Get to know people. It’s not about “hi-how-are-ya, here’s my business card” type of networking. It’s takinfg the time to have a chat with someone new and asking them about their business as well. You never know what, where, or who those connections will lead too. There’s a Chinese proverb that sums it up nicely; “the longest journey must begin with the first step.” Social media connection is great, but there’s a lot of value in that personal face-to-face connection. If you can walk away today with three or more really good, solid connections with people you genuinely want to keep in touch with, you are GOLDEN.
Networking is about building genuine, unselfish, honest connections with people. It’s about opening a relationship, not closing a sale.
Those pesky elevator pitches.
I interview a ton of people for the freelance writer part of my biz and I always ask my interviewees to describe their business to me in two sentences or less. You’d be surprised how many veteran business owners vapor-lock on me when asked that. It may sound petty, but it’s a very handy thing to be able to sum up your business (whatever it may be) in a quick and succinct way.
Picture yourself in an elevator taking a ride to the top floor. Picture, standing next to you, is the ultimate Ideal Customer. Picture Mr. Ideal Customer turning to you and asking, “So, what is your business about?” In a nutshell, you have that little window of time from the bottom floor to the top floor elevator ride to snag Mr. Ideal Customer’s attention and make him not only want to know more, but say something like, “Hey! I could really use your____.”

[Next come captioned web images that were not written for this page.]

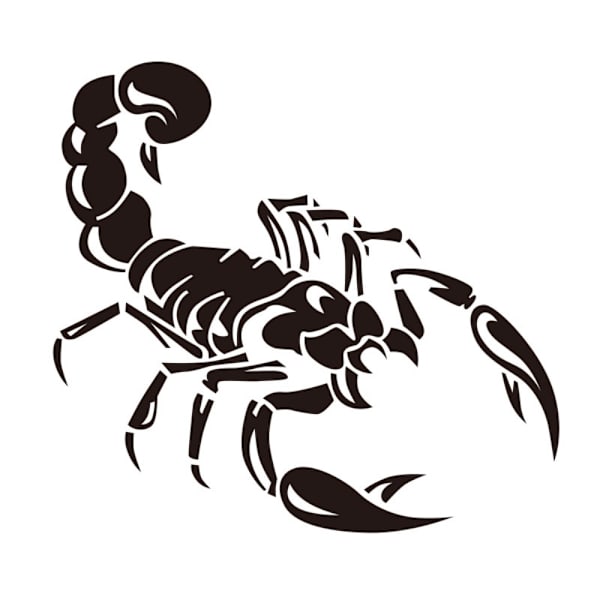 2 kpl 3D Scorpion auton konepellin tarroja auton koritarroja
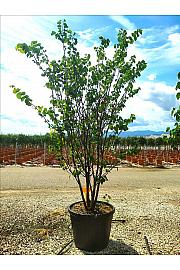 Cercis Siliquastrum C110 Lit. 200-250 cm; Večstebelni (ZEL)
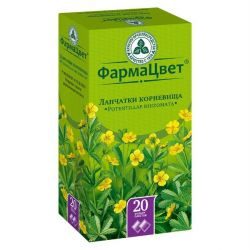 Лапчатки корневища 2
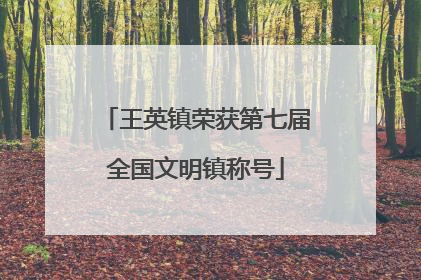 王英镇荣获第七届全国文明镇称号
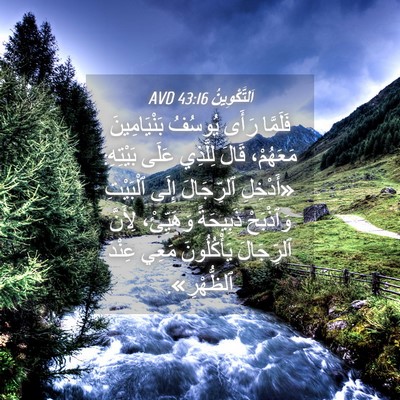 Picture 04 - اَلتَّكْوِينُ 43:16 AVD - فَلَمَّا رَأَى يُوسُفُ - Bible Verse Picture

Picture yourself falling over your tongue, fumbling for words and launching into a long dissertation about your business that goes something like this, “Well, umm….er…I paint. You know…like houses and stuff. I like painting. I’ve been doing it since I was five when I painted my grandmum’s toes green….”

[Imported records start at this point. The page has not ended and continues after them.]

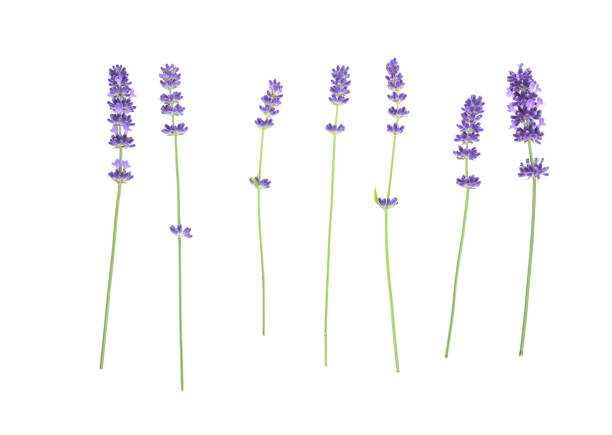 istock Lavender flowers isolated on white 637594222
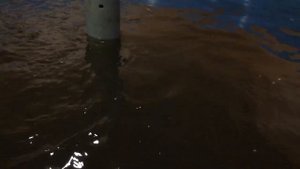 обзор новой улучшенной узв для форели и осетров . Спустя неделю проблем нет !!!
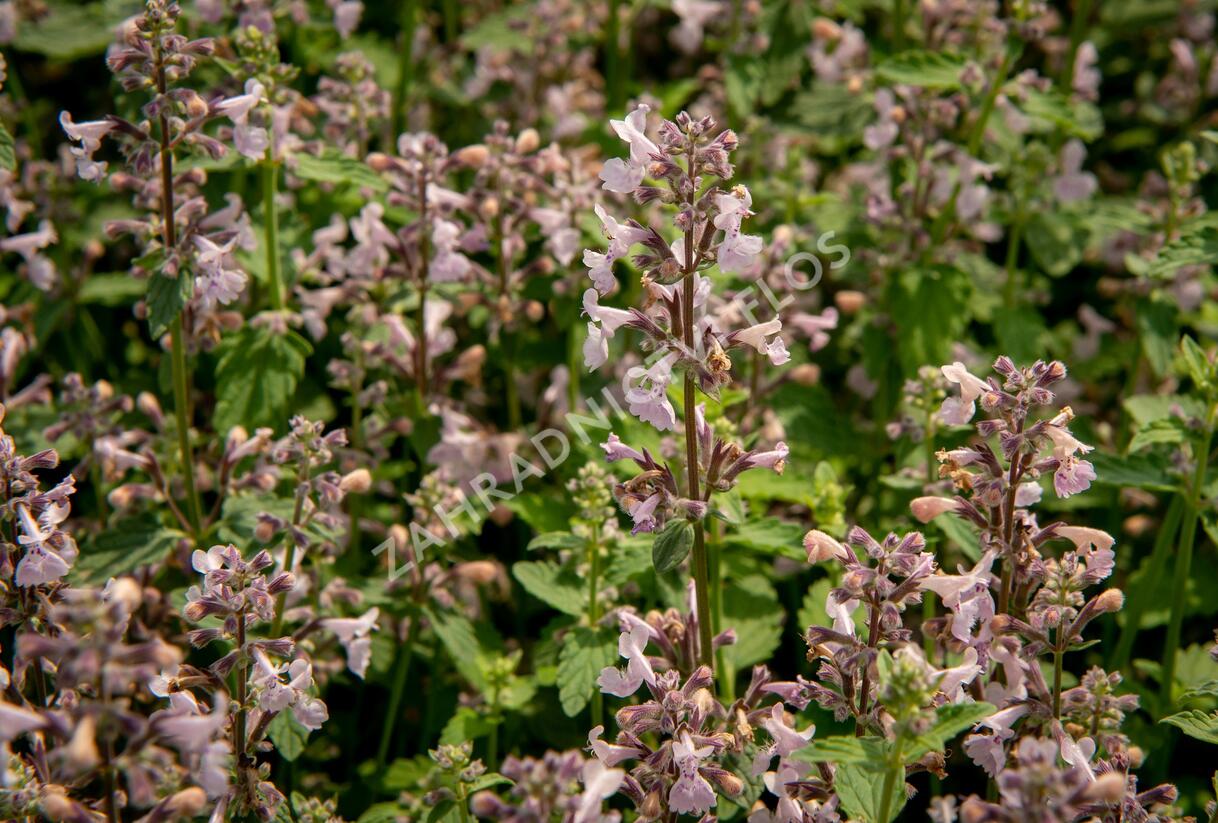 Šanta hroznovitá 'Amelia' - Nepeta racemosa 'Amelia'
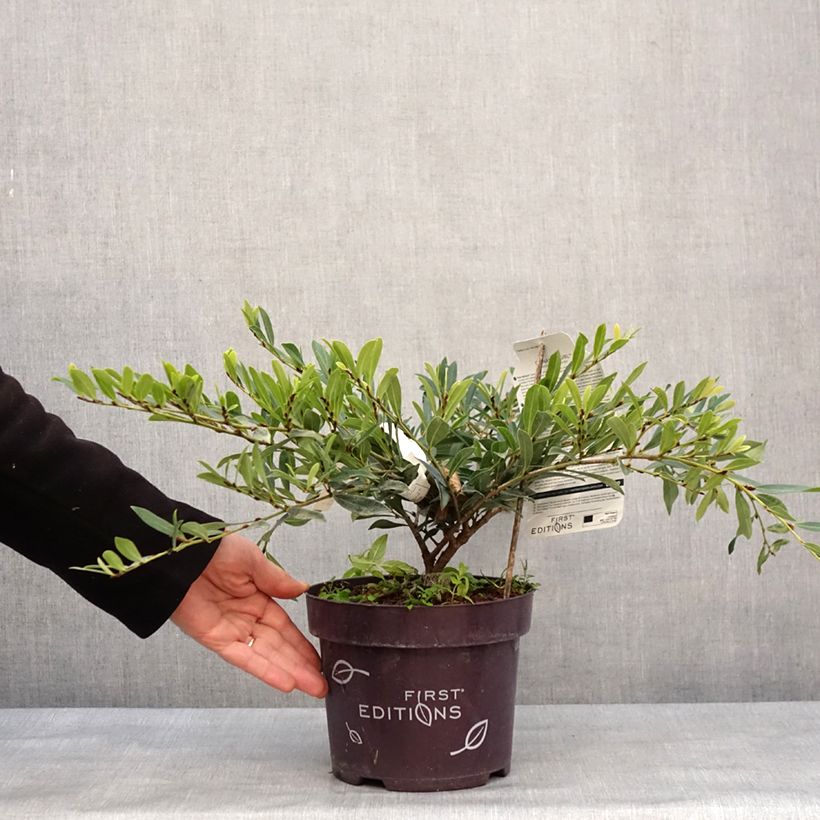 Amostra de Distylium Cinnamon Girl Vaso de 3 L/4 L tal como entregue no inverno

The ride ends, the elevator door glides open and Mr. Ideal Customer nods farewell to you in a absent -minded way, and walks out. Bub-bye any chances of gaining Mr. Ideal’s business.
Get my point?
How to Create an Elevator Pitch
Here is the quickest and easiest way to create your very own elevator pitch….
**Pare your business down to the core. To the heart. To the Lowest Common Denominator (LCD).What is it that you do in the simplest of forms. Now, add why I (if I was a business person) I should give a crap.
Hint: BE SPECIFIC. Don’t just say “oh, I write a travel blog.”
NOOOOOOOO! This is your elevator pitch; “My name is ___ and I write a travel blog about foreign travel with small children.” Isolate it. Narrow it down to your LCD and give people something to latch on to. You want the person inquiring to be able to say “Wow, that’s cool…tell me more”. What you want to do is break down your service or product into its most basic form.
“Hi, I’m Rebecca and I am a freelance writer who specializes and business topics, blogging and creating amazing About Pages or online bios for individuals and businesses that turn visitors into customers.”
or “ I’m Rebecca and I am a virtual assistant in the field of writing, blogging and social media. I work behind the scenes to help your business shine.”
or “Hi, I’m Becky and my blog is The Mom Squad. I work to shine the spotlight on local Moms in Business to help them gain visibility of their business.”
WHY IS THIS SO IMPORTANT? We run into business possibilities every day and in a variety of places. Having your elevator pitch in your back pocket, poised and ready to wow the socks off of your next potential clients is such a simple and “do-able” piece of business to create. Having an elevator pitch prepares you for the opportunity to make new and potentially valuable connections, and broaden your readership. Or, in networking terms it’s called expanding your Circle of Influence.